What you have to do: Return, word for word, the lines of the listing below from the one with "Chic Villa in" through the one with "LED лампа та", and no other lines.

Source records:
-- -- --
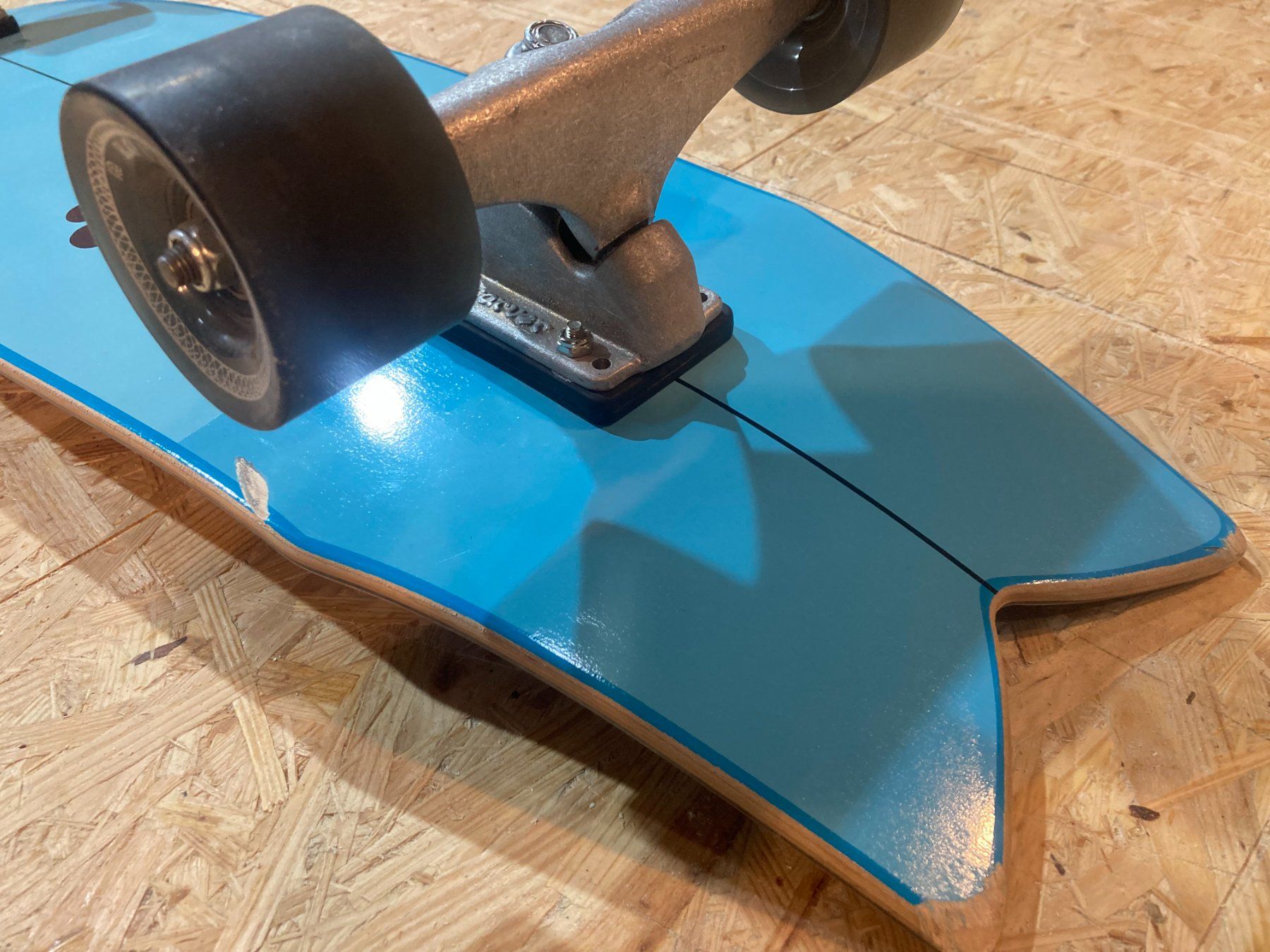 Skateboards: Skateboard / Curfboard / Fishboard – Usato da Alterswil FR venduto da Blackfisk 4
-- -- --
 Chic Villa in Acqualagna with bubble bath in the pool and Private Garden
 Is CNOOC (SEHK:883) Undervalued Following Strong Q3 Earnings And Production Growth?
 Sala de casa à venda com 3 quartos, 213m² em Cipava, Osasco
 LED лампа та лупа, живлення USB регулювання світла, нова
-- -- --
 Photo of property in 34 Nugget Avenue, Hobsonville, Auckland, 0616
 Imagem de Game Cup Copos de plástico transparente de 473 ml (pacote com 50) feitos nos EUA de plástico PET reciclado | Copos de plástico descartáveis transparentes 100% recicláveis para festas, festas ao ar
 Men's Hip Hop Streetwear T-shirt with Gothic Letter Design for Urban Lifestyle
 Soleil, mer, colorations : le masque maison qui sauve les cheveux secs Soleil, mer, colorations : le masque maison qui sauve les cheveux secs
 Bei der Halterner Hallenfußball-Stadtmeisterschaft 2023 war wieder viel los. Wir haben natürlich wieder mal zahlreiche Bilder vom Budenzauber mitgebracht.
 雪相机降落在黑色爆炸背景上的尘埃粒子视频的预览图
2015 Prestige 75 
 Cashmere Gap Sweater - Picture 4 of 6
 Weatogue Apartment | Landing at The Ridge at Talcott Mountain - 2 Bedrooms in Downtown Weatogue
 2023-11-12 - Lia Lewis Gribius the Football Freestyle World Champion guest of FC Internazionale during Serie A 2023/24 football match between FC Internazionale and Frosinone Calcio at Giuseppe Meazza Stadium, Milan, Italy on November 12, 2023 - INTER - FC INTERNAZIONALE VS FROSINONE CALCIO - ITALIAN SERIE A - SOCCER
-- -- --
Answer:
 Chic Villa in Acqualagna with bubble bath in the pool and Private Garden
 Is CNOOC (SEHK:883) Undervalued Following Strong Q3 Earnings And Production Growth?
 Sala de casa à venda com 3 quartos, 213m² em Cipava, Osasco
 LED лампа та лупа, живлення USB регулювання світла, нова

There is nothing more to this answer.